Your answer must be exactly the lines from the one containing "SikSilk White Stripe" through the end of the material, both ends included, without pictures.
STUDY MATERIAL: Begin
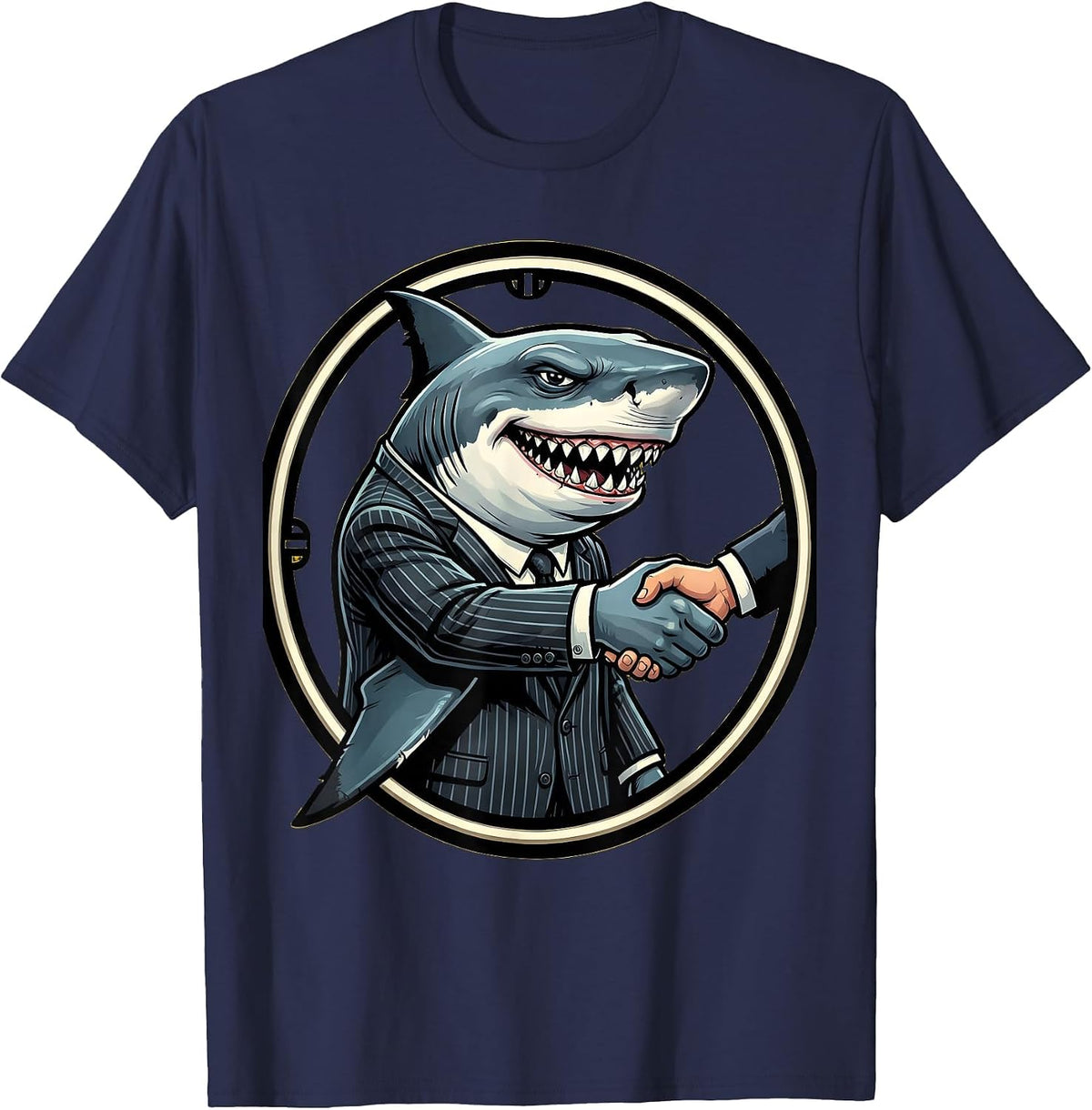 Shark Business Suit Handshake Funny Graphic T-Shirt - Navy Blue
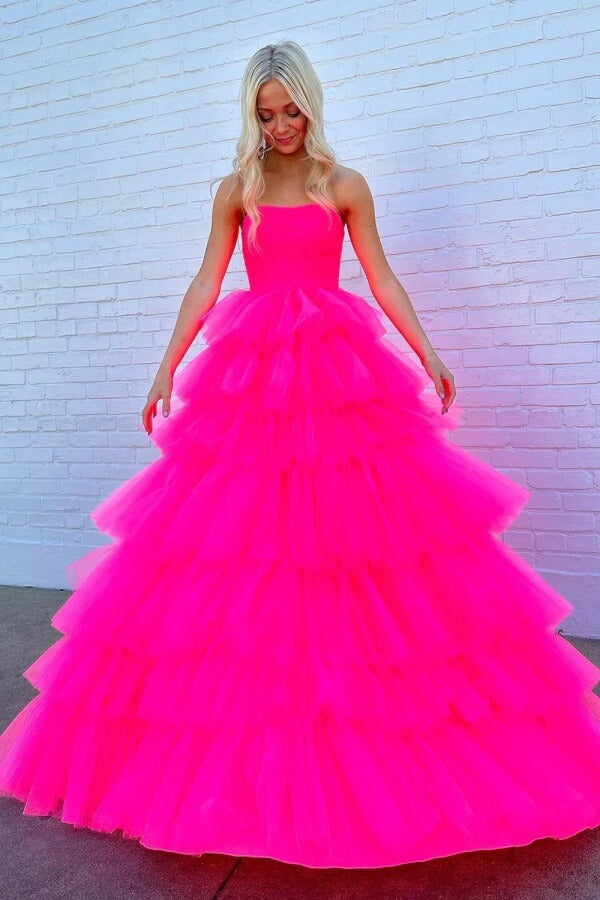 Hot Pink Tulle A-line Strapless Tiered Long Prom Dresses, Party Dress, SLP036 | simple prom dress | evening dresses | prom dress stores | simidress.com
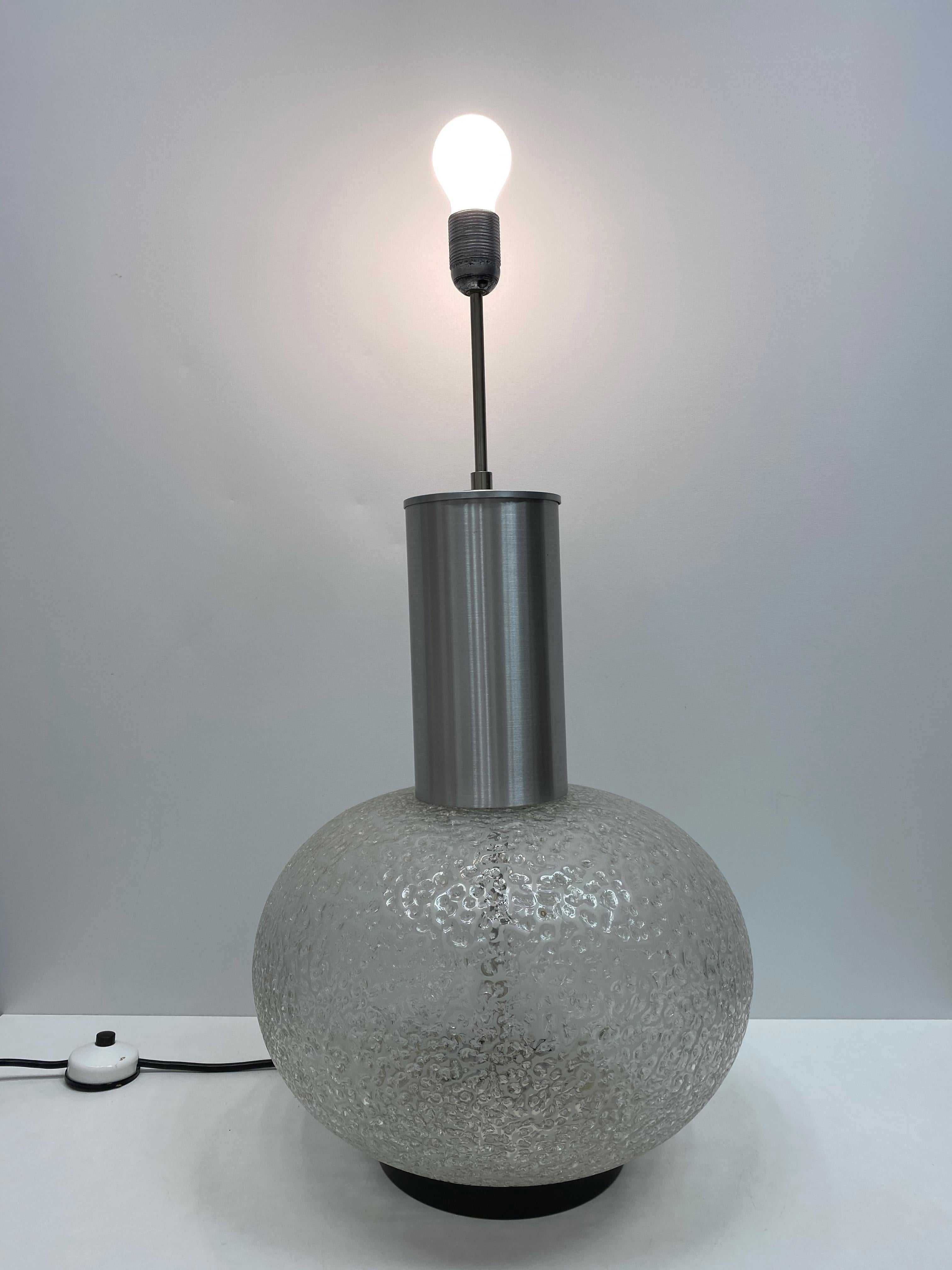 Monumental Table Lamp Foot Snowball Ice Glass Globe, 1960s Doria Leuchten For Sale 1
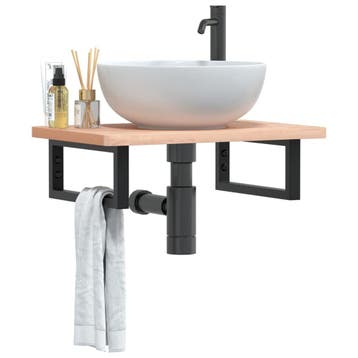 vidaXL Badkamer wandschap staal en massief beukenhout, Verzenden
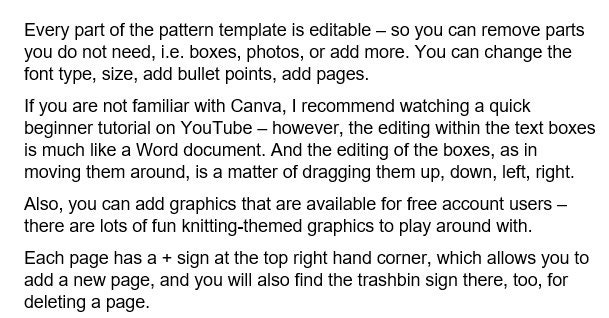 Knitting Pattern Template -- Canva Editable E-book for Pattern Writing ...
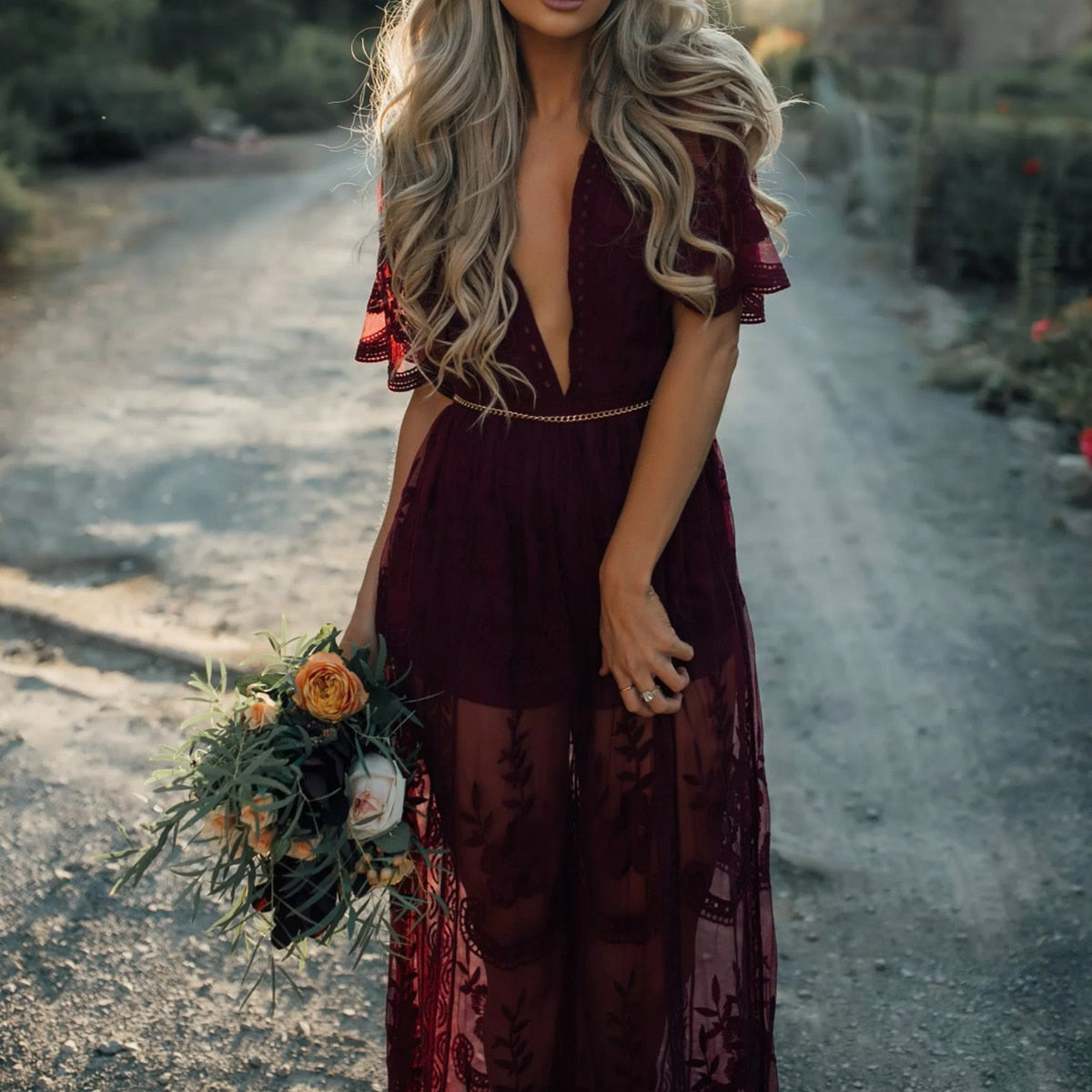 Women Summer Dresses V-Neck Short Sleeve High Waist Slit Lace Perspective Maxi Dress Sexy Beach Prom Robe(no lining)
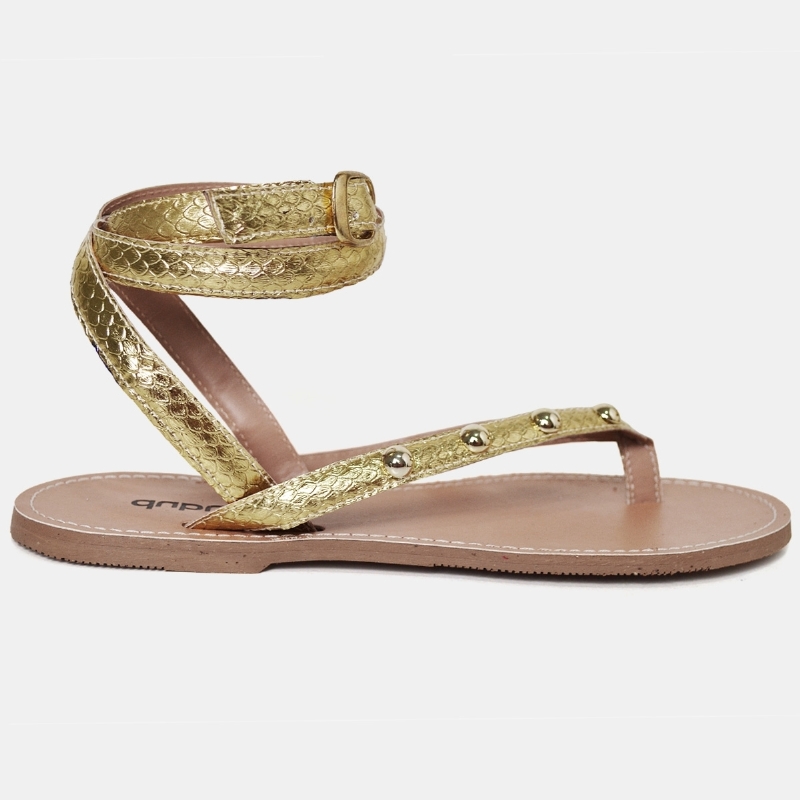 Sandália Rasteira Dourado Feminina "NICE" 2036DB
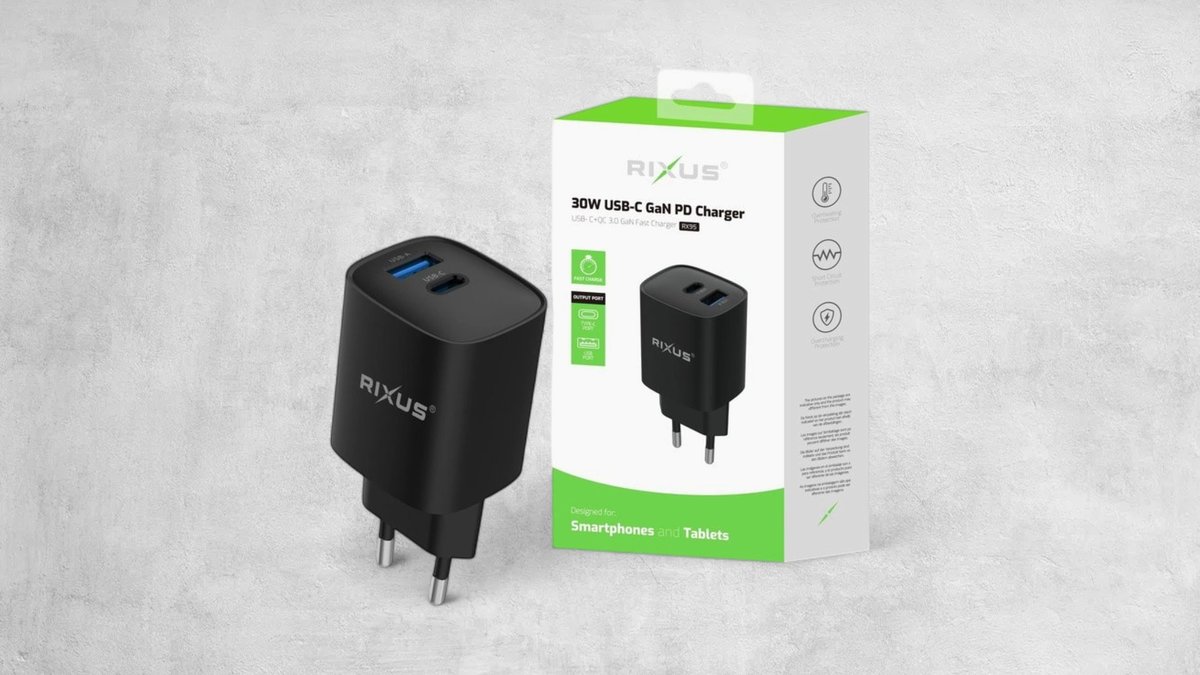Rixus Rx95 Fast Charging Adapter 30w Black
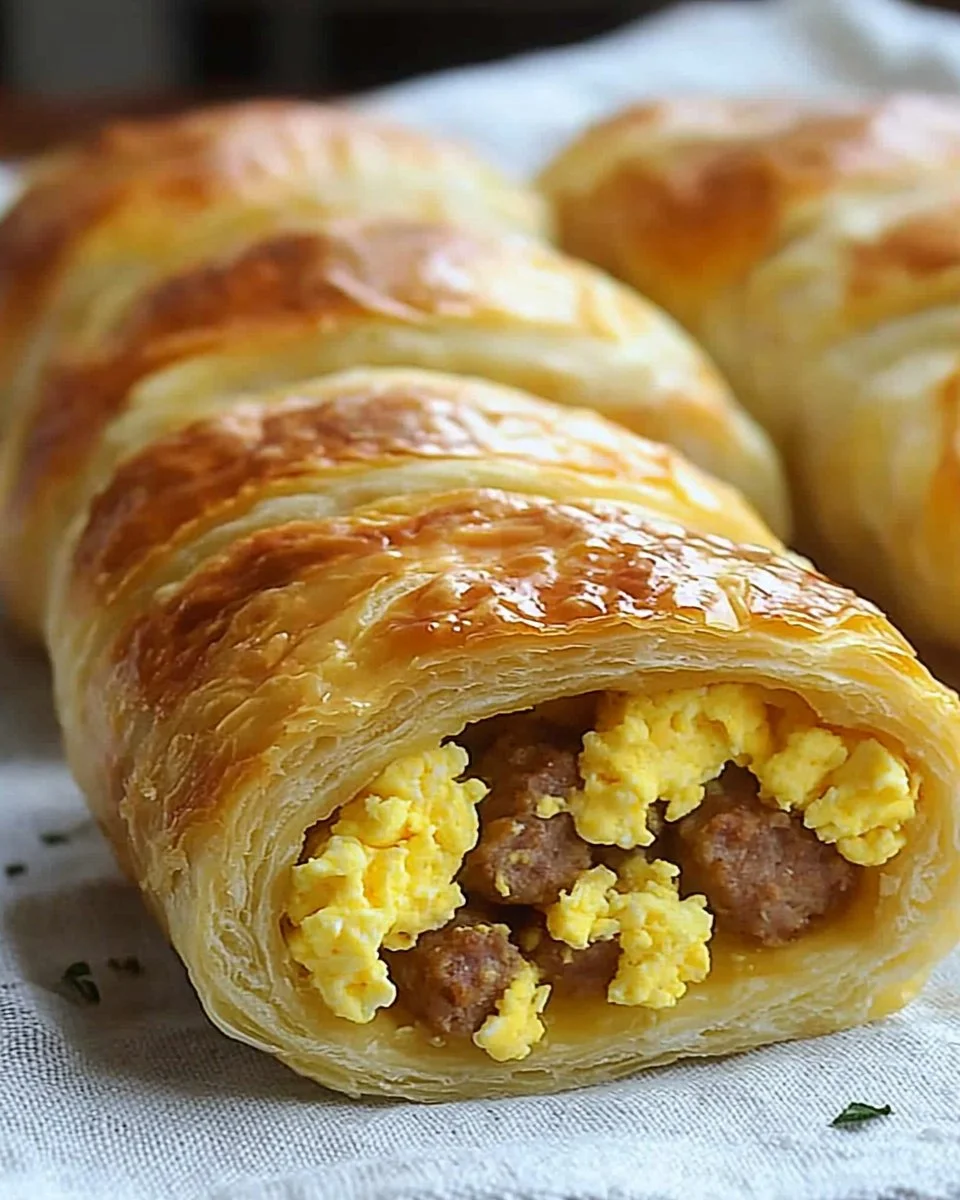 Sausage Egg Breakfast Roll-Ups served on a plate for a quick morning meal
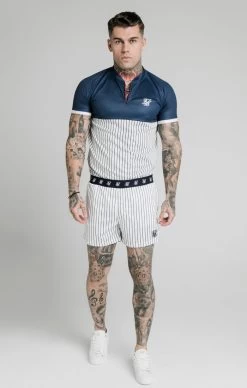 SikSilk White Stripe Elasticated Swim Short -Style Zone Shop SS 16822 4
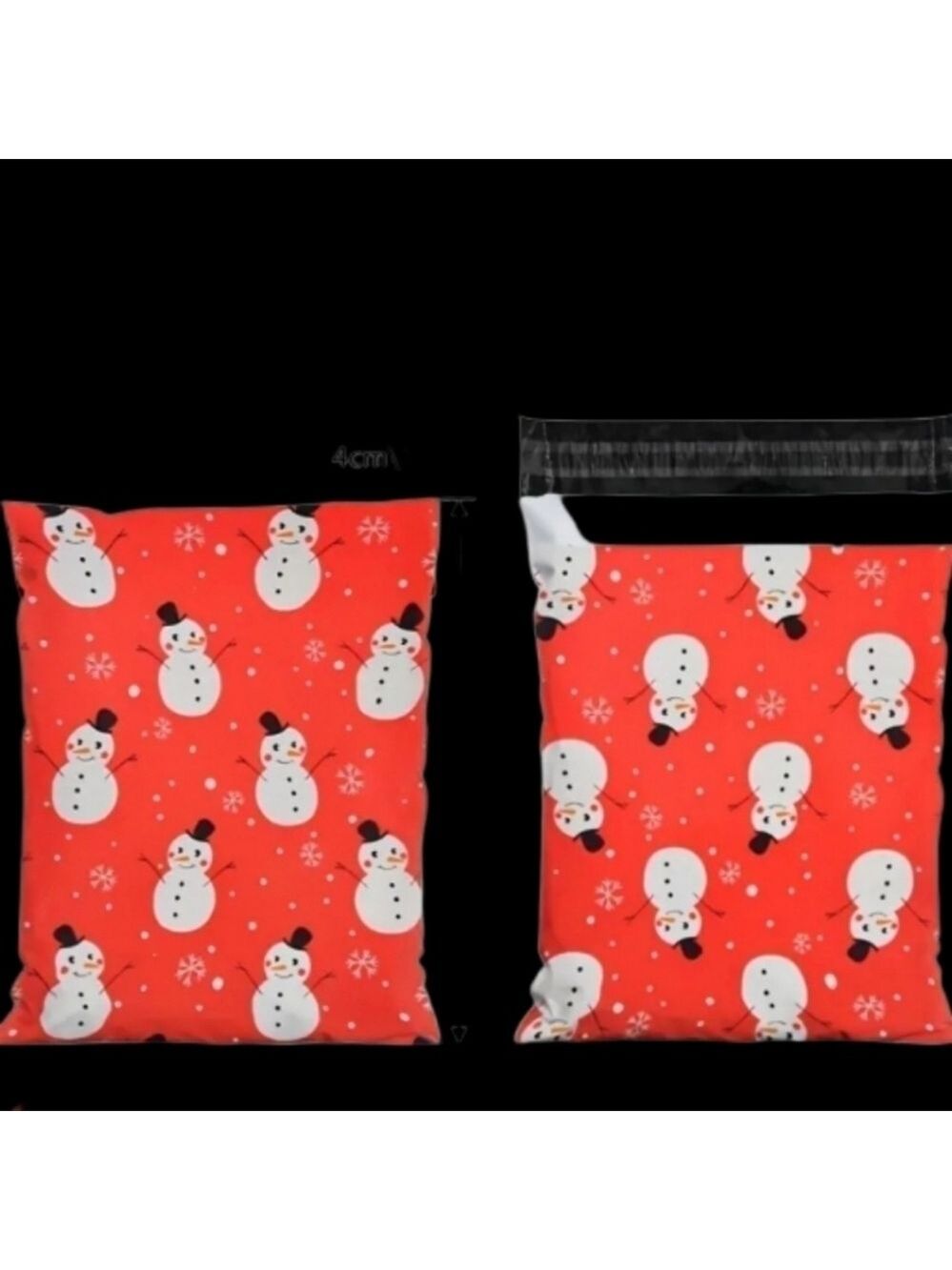 Ten 10x13 snowman poly mailers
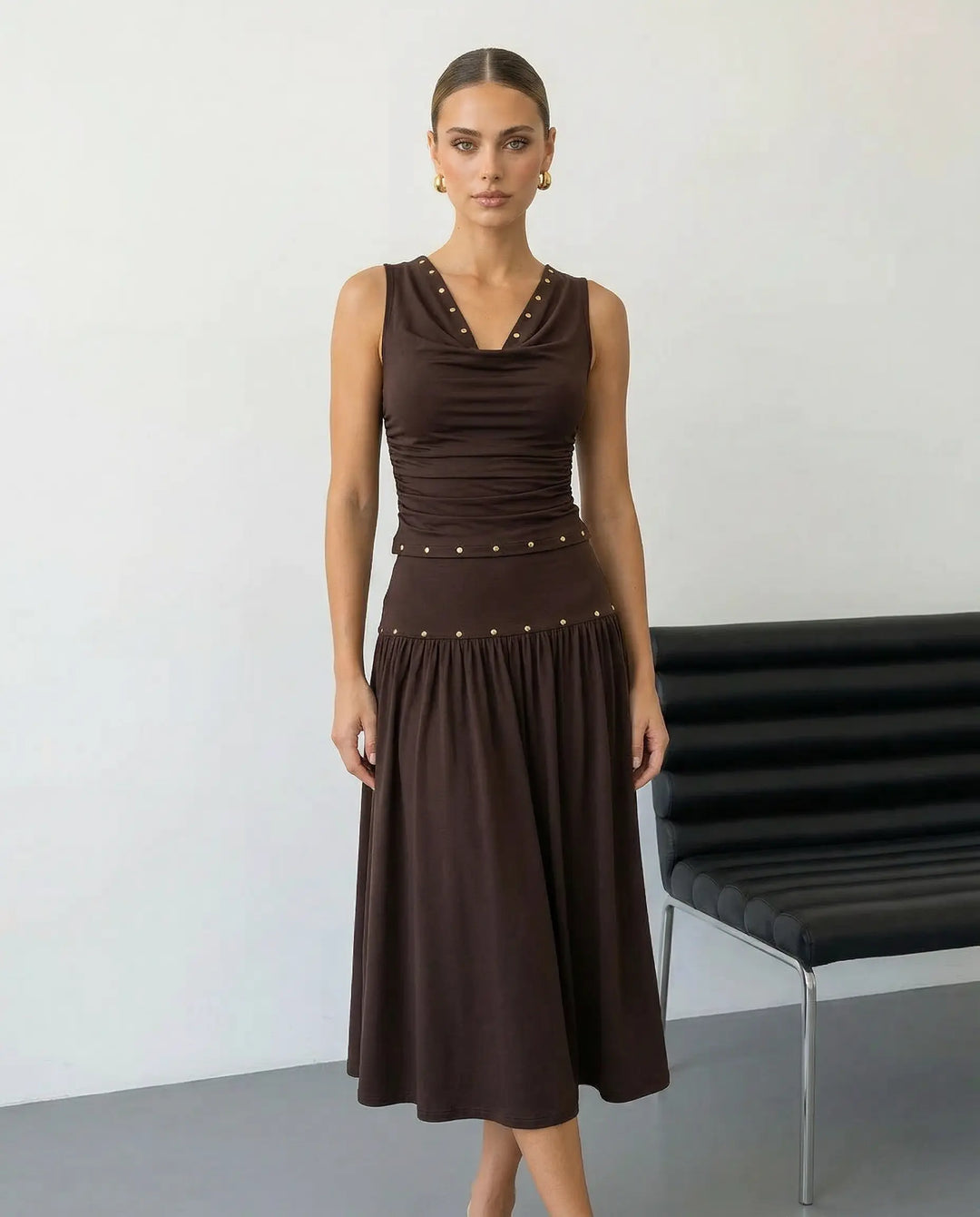 SOLACE  Brown Cowl Neck Ruched Crop Top Midi Skirt Set 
STUDY MATERIAL: End
● FINISHED EXERCISE:
 SikSilk White Stripe Elasticated Swim Short -Style Zone Shop SS 16822 4
 Ten 10x13 snowman poly mailers
 SOLACE  Brown Cowl Neck Ruched Crop Top Midi Skirt Set 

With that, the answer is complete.